To me, a responsible breeder would kindly put such deformed fish down or keep it in a non-breeding environment to live an easy life. Not try and say it's something special, expensive and a trait that should be bred for.


----------



## CarmanDirda (Feb 20, 2012)

That's strange looking. The back is even deformed. Part of me hopes it was born that way and the fin wasn't snipped off.


----------



## Tikibirds (May 26, 2011)

That's kinda creepy looking :shock:


----------



## Luimeril (Dec 29, 2010)

a friend of mine bought a beautiful cambodian girl from PetCo who's missing her dorsal. like the female in that pair, where it's supposed to be, is just a lump. x: those two are beautiful, i adore the male's color, but for $200.... i could get a wonderful breeder pair from a good breeder. or, a few good breeding pairs. :I


----------



## Zappity (Oct 15, 2011)

What the HECK?! Can you say deformed spine?! What is wrong with people?! I just hope they were born that way and didn't have their dorsals snipped off!


----------



## sharka91 (Mar 8, 2011)

they look to be born that way.

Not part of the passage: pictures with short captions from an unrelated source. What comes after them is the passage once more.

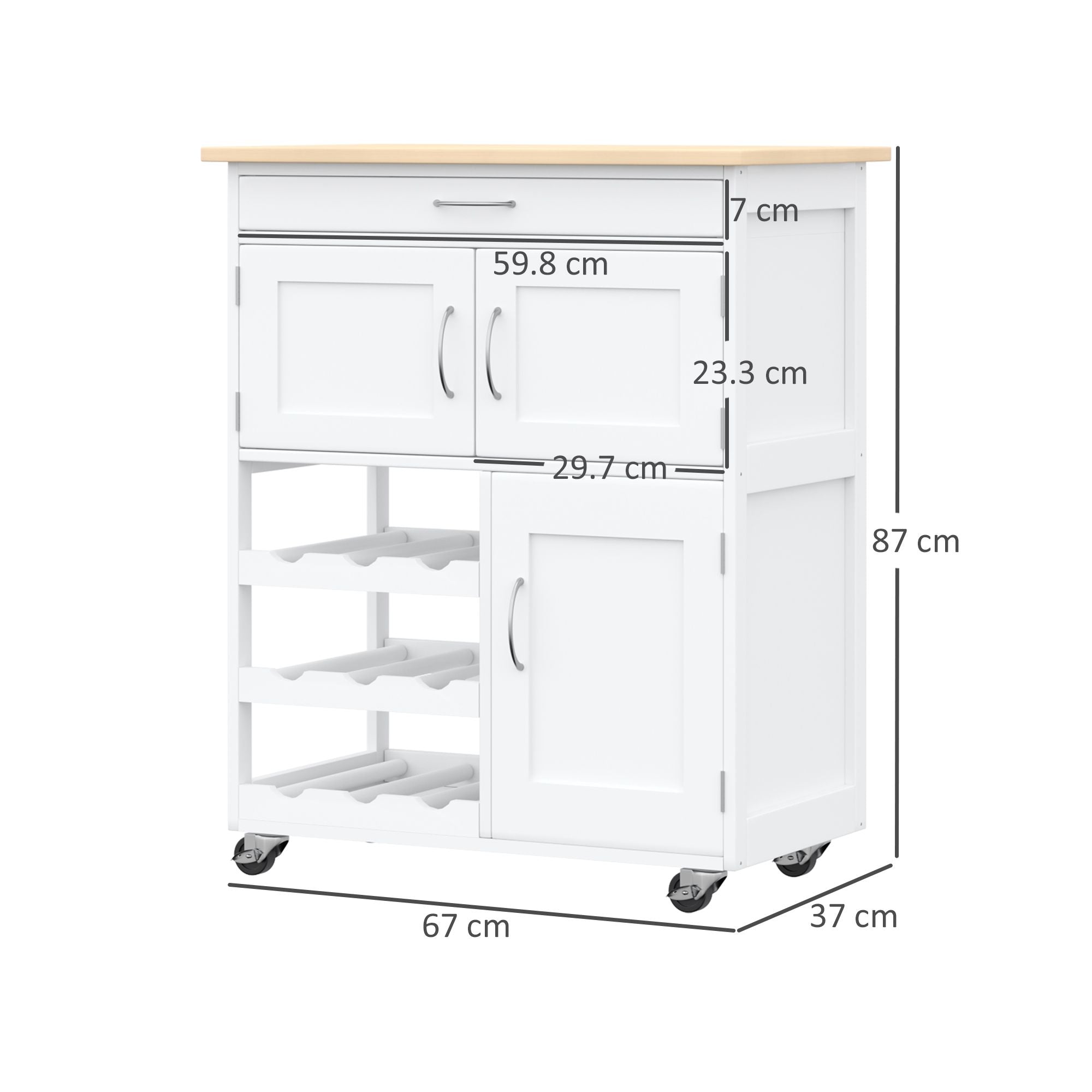 HOMCOM Modern Kitchen Trolley, Rolling Island Storage Cart with Drawer, 9-bottle Wine Rack, Door Cabinets, Wooden Countertop, White - North Peak Garden Furniture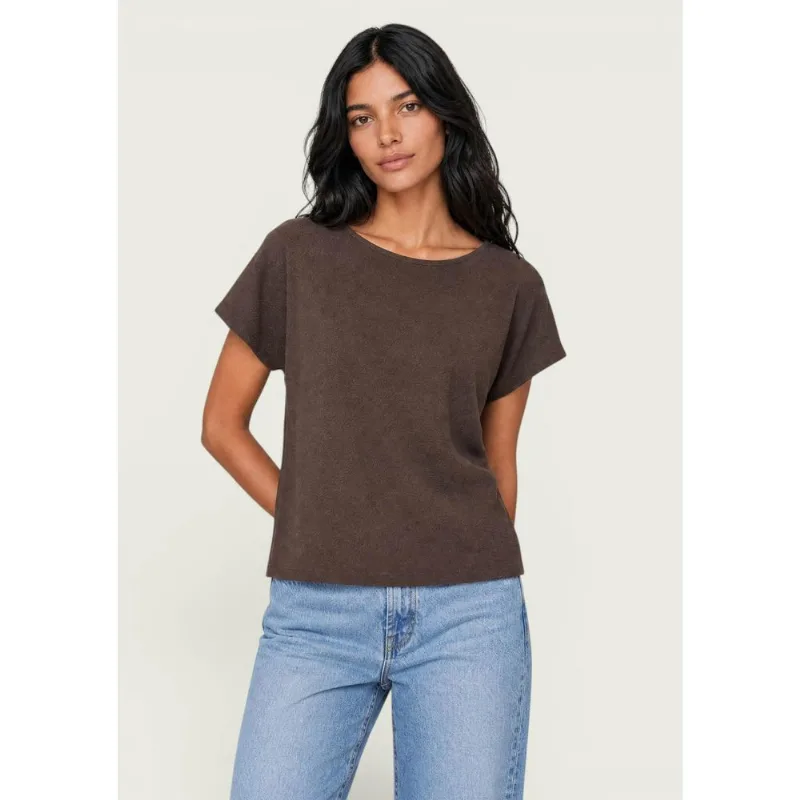 Blusa Feminina Manga Curta Texturizada - Marrom P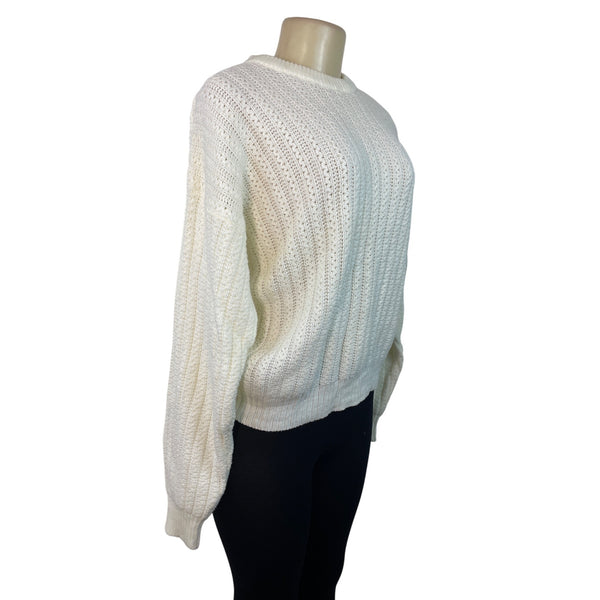 Van Heusen Womens White Knit Sweater Size M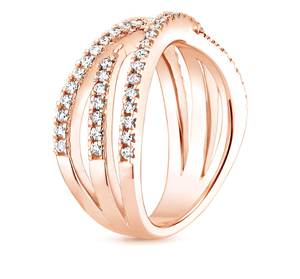 Anillo Aniva para Mujer, Oro Blanco, Rosa y Amarillo de 18K, Diamante Cultivado en Laboratorio EF VVS CVD, Diseño Étnico Multibanda Cruzada con Pavé - Product Image 5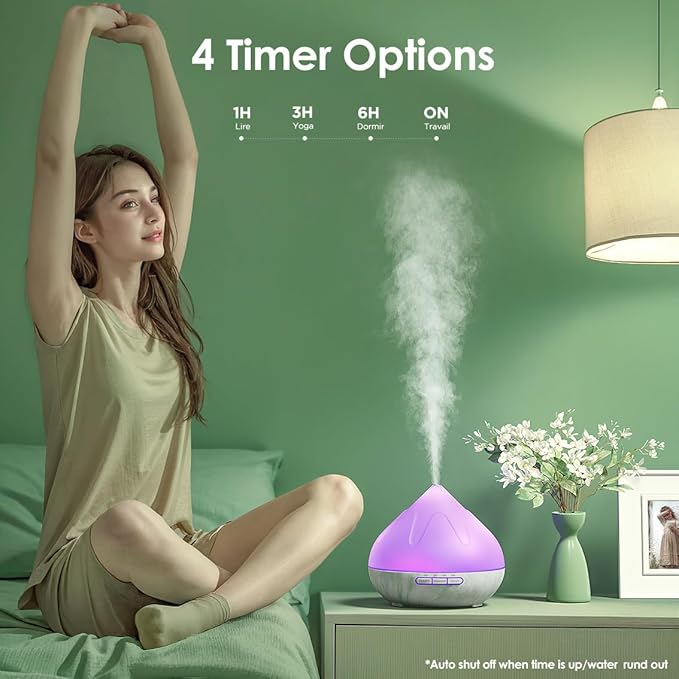 Aroma Diffuser with Essential Oils Set, 500 ML Essential Oil Diffuser with Remote Control, Humidifier with 14 Color Lights for Large Room, 4 Timer Setting, Auto Shut-Off Green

I dont necessarily see this as bad. They look to be otherwise healthy fish too....... lets hope. I see this as an opportunity to potentially breed new tail variants. one should not sell these kind of fish at this high of a price though.


----------



## CarmanDirda (Feb 20, 2012)

sharka91 said:


> they look to be born that way. I dont necessarily see this as bad. They look to be otherwise healthy fish too....... lets hope. I see this as an opportunity to potentially breed new tail variants. one should not sell these kind of fish at this high of a price though.


 
It could be, but I don't like that crooked spine. And the price is definately too high.


----------



## Tikibirds (May 26, 2011)

I guess it they are healthy and can live a normal life then there is no reason why they shouldnt get a nice home but I think the price is kinda high


----------



## Olympia (Aug 25, 2011)

Big ears betta are fairly new and they also fetched a high price for quite some time.. -__- People buy new things up like that.. no one seems to be interested at that price though xD


----------